A total of $15.3 billion was set aside under Budget 2019 for special transfers to meet the current and future needs of Singaporeans. Such transfers include top-ups to endowments and trust funds.
This figure was revealed yesterday in a report by a committee of MPs tasked with examining government spending. They called on the Government to ensure the sustainability of such transfers, to meet competing needs of Singaporeans across different generations.
Of the $15.3 billion, $6.1 billion went to the Merdeka Generation Fund, which provides financial and other support to those born between 1950 and 1959; and $5.08 billion to the Long-Term Care Support Fund, which supports measures like CareShield Life subsidies and the ElderFund assistance scheme.
The rest went to businesses and households, like the one-off SG Bonus that was announced last year to share the fruits of the country's development with Singaporeans.
The eight-member Estimates Committee gave this update yesterday in its 55-page report. Set up by Parliament, the committee considers the Government's Budget and reports on any improvements that can be made.
Noting the "significant amount" of special transfers, committee chairman and West Coast GRC MP Foo Mee Har said: "The committee urged the Government to explore ways to find the right financing solution to fund programmes, balancing competing needs of Singaporeans across generations as well as ensuring the healthcare needs of new cohorts beyond Pioneer and Merdeka generations would receive similar support."
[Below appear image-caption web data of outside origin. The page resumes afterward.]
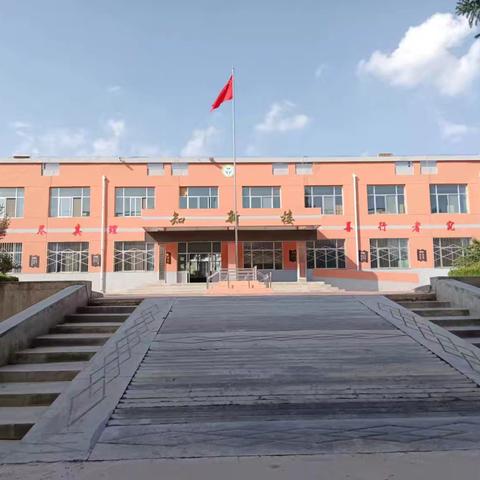 新师新征程 新梦新起点 ——记文树川学校新分教师汇报课
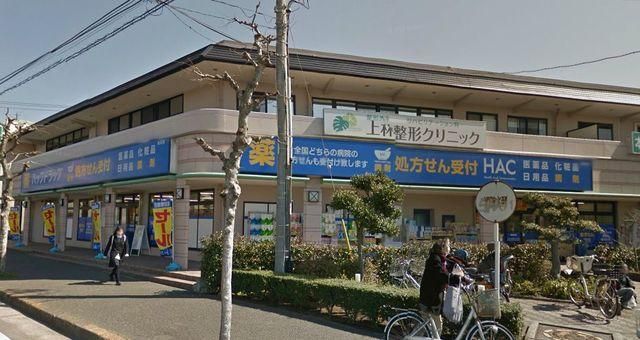 ドラックストア　ハックドラッグ（ドラッグストア）まで523m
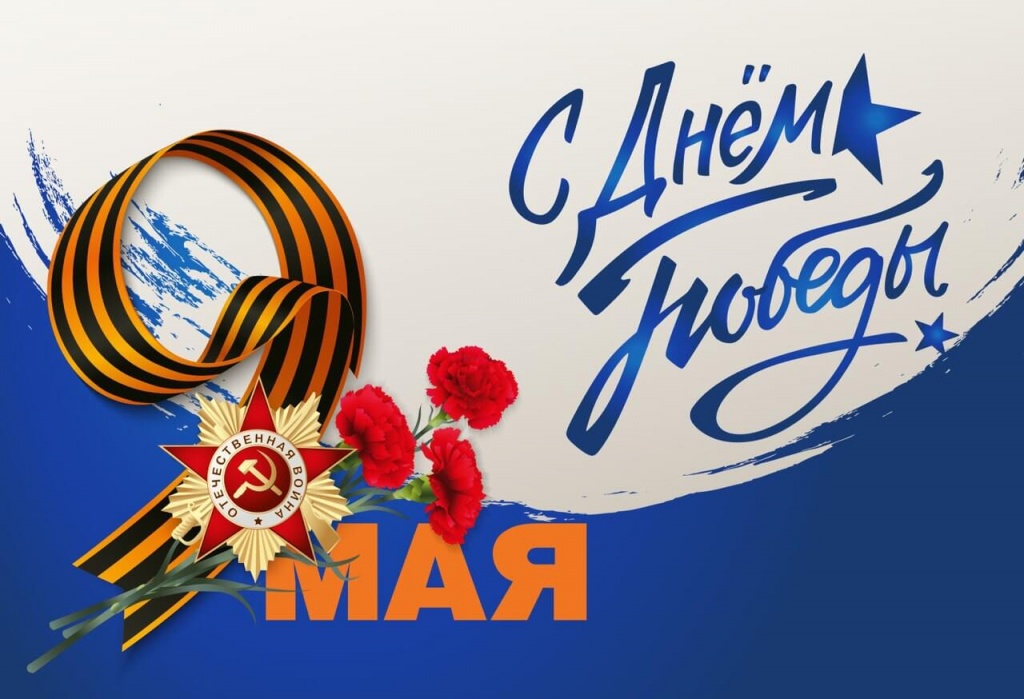 С Днем Победы.jpg
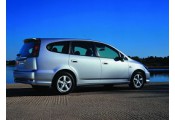 Auspuff System HONDA Stream 2.0i - 16V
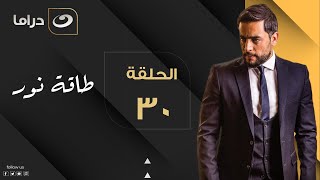 Taqet Nour - Episode 30 | طاقة نور - الحلقة الثلاثون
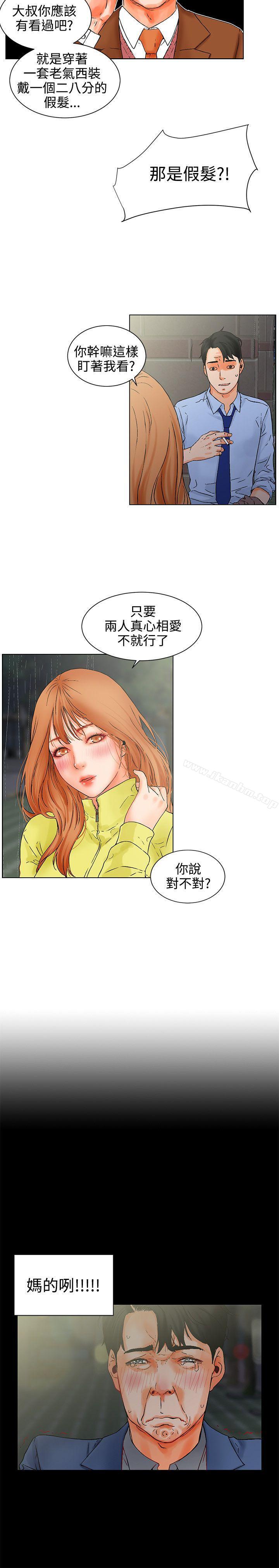 交往的條件 在线观看 第1話 漫画图片9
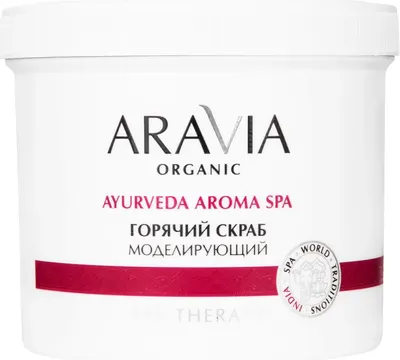 

Скраб для тела, Organic Горячий моделирующий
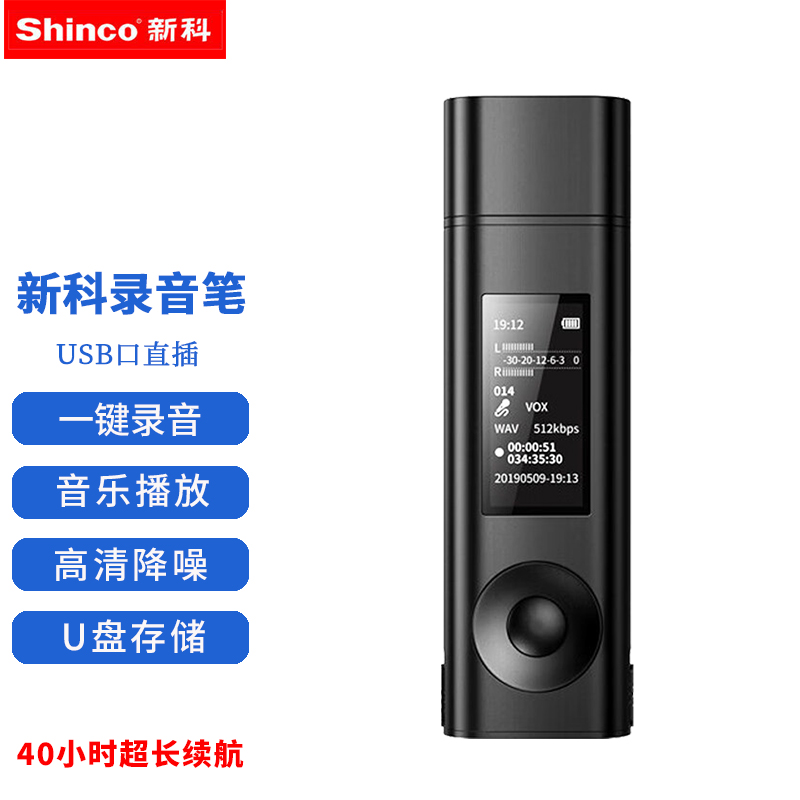 新科录音笔U盘录音彩屏录音笔降噪学生英语听力学习MP3音乐播放器
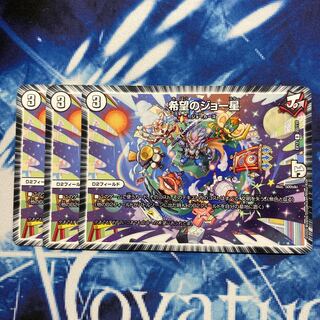 希望のジョー星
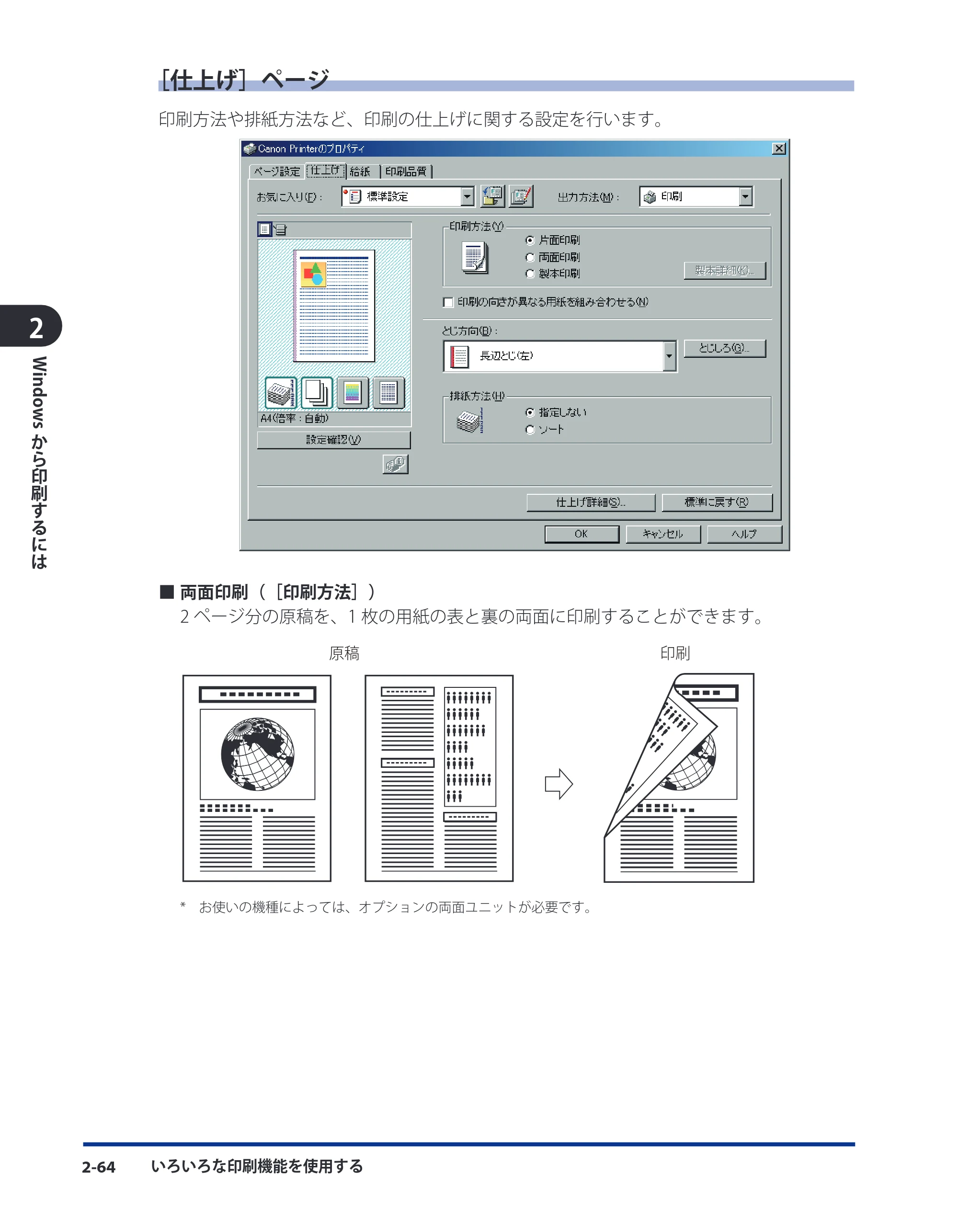 キヤノン LBP3930/3910 LIPS V ソフトウエアガイド 2008年1月21日掲載 （PDF形式／8.46Mバイト） — ［仕上げ］ページ — 原本ページ — 89ページ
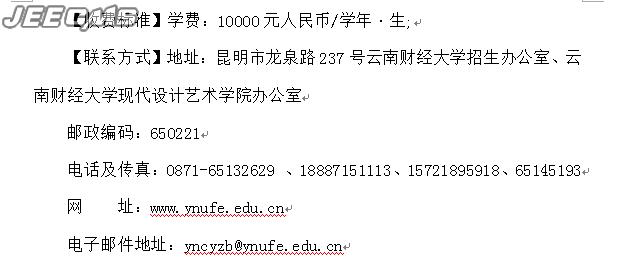 云南财经大学2015年艺术类专业招生简章5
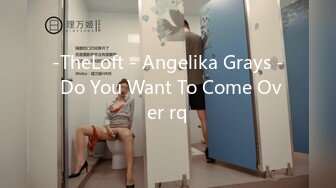 -TheLoft - Angelika Grays - Do You Want To Come Over rq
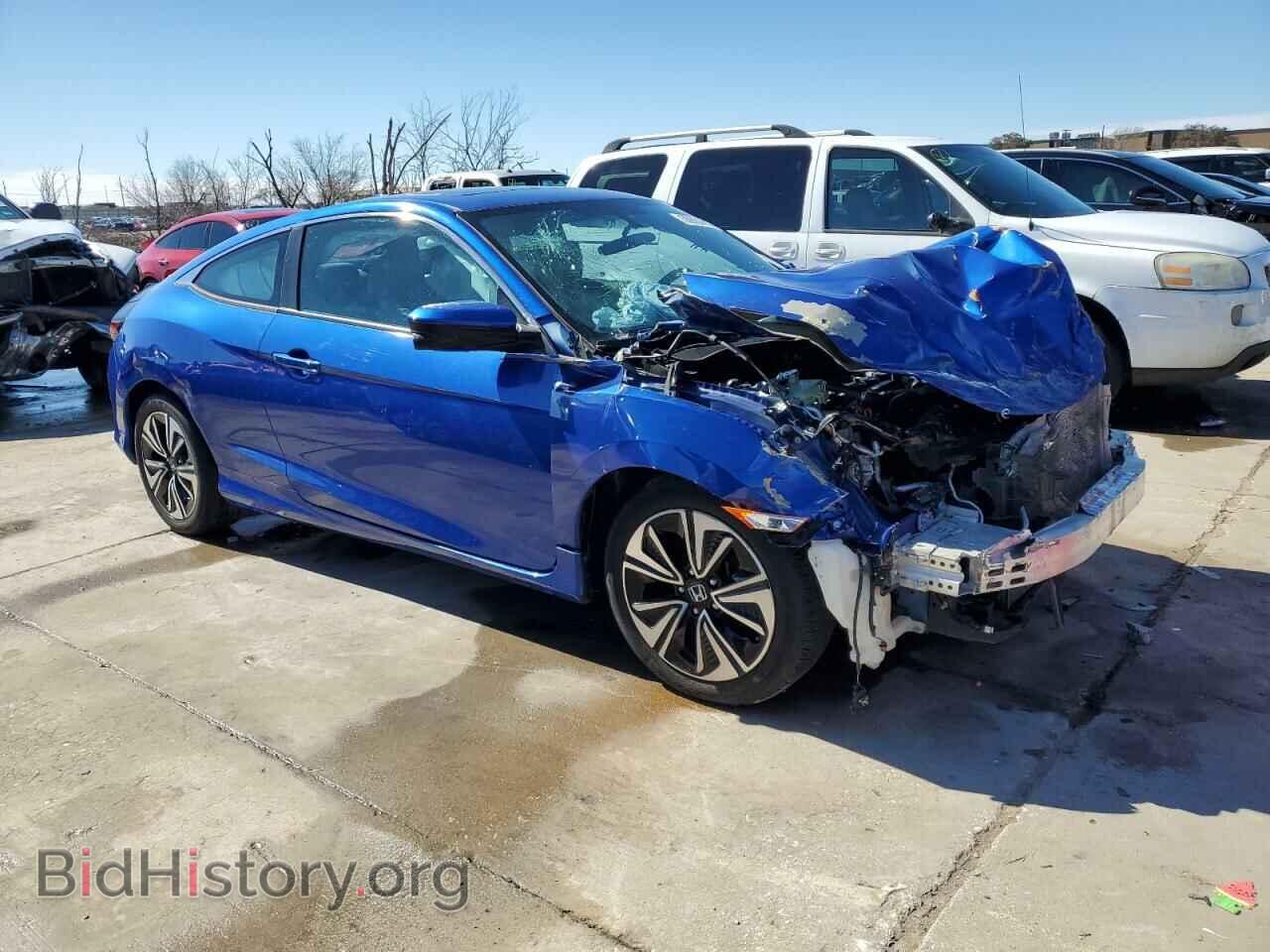 2017 HONDA CIVIC - VIN: 2HGFC3B35HH350520 - Фото 4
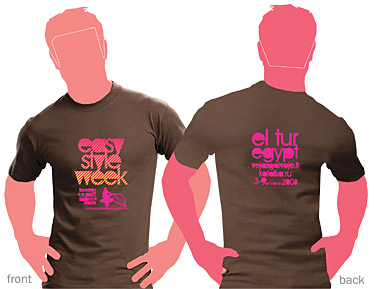 20080126_tshirt_374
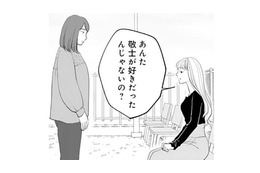 私の彼が好きだったんじゃないの？親友が高スペックと結婚するなんて聞いてない！【かつて女の子だった人たちへ #28】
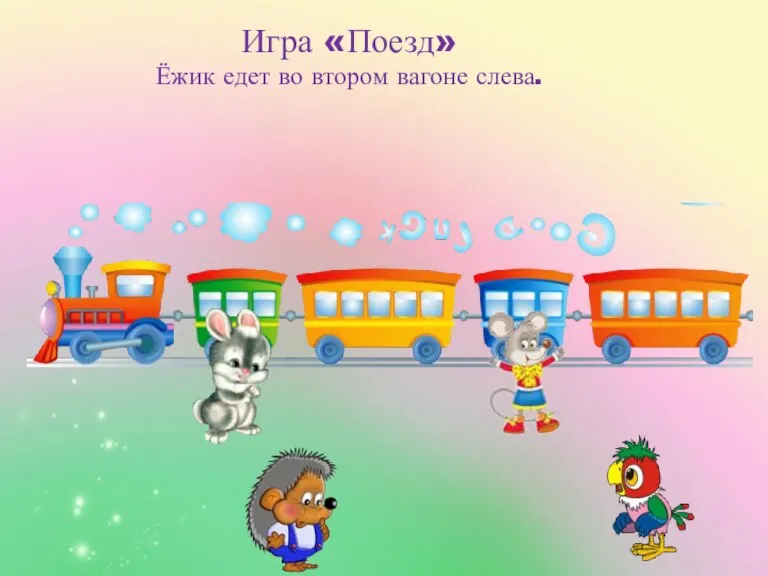 Игра «Поезд» Ёжик едет во втором вагоне слева.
The committee also asked the Ministry of Finance (MOF) if there was any relationship between special transfers and Budget surpluses.
In reply, MOF said the timing and amount of special transfers are not "mechanically determined" by the amount of Budget surplus, but based on considerations like the Government's long-term plans and economic and social needs.
Such transfers could even increase in times of Budget deficit, it said.
It cited how, despite a Budget balance deficit of $0.8 billion during the global financial crisis in 2009, the $4.5 billion Jobs Credit Scheme was introduced to encourage businesses to preserve jobs.
While the ministry expected baseline healthcare spending to climb, given a rapidly ageing population and more prevalent chronic diseases, it said the Government would meet the increase in recurrent expenditure with recurrent revenue - such as from the hike in the goods and services tax from 7 per cent to 9 per cent, which will take place some time between 2021 and 2025.
This will go towards providing subsidies to the elderly, building new capacity and investing in new medical technologies to improve care quality, among others.
The committee also questioned MOF on the use of government debt to finance long-term infrastructure projects such as those that protect Singapore against climate change.
MOF said that doing so is fairer and more efficient, as it converts a lump sum of spending into a smoother stream of loan repayments. "Done in a responsible and sustainable manner, borrowing would help instil financial discipline and distribute the share of funding more equitably across current and future generations," it said.
There will be safeguards to ensure that the debt, and its interest and repayment, are sustainable and in line with the reserves protection framework, it added.
It gave assurance that the Government would spend prudently, save up where possible and raise revenues in a fair and progressive manner.
The committee comprises seven People's Action Party MPs and Workers' Party Non-Constituency MP Daniel Goh. In making its recommendations, it had considered the input of MOF and the Singapore Business Federation.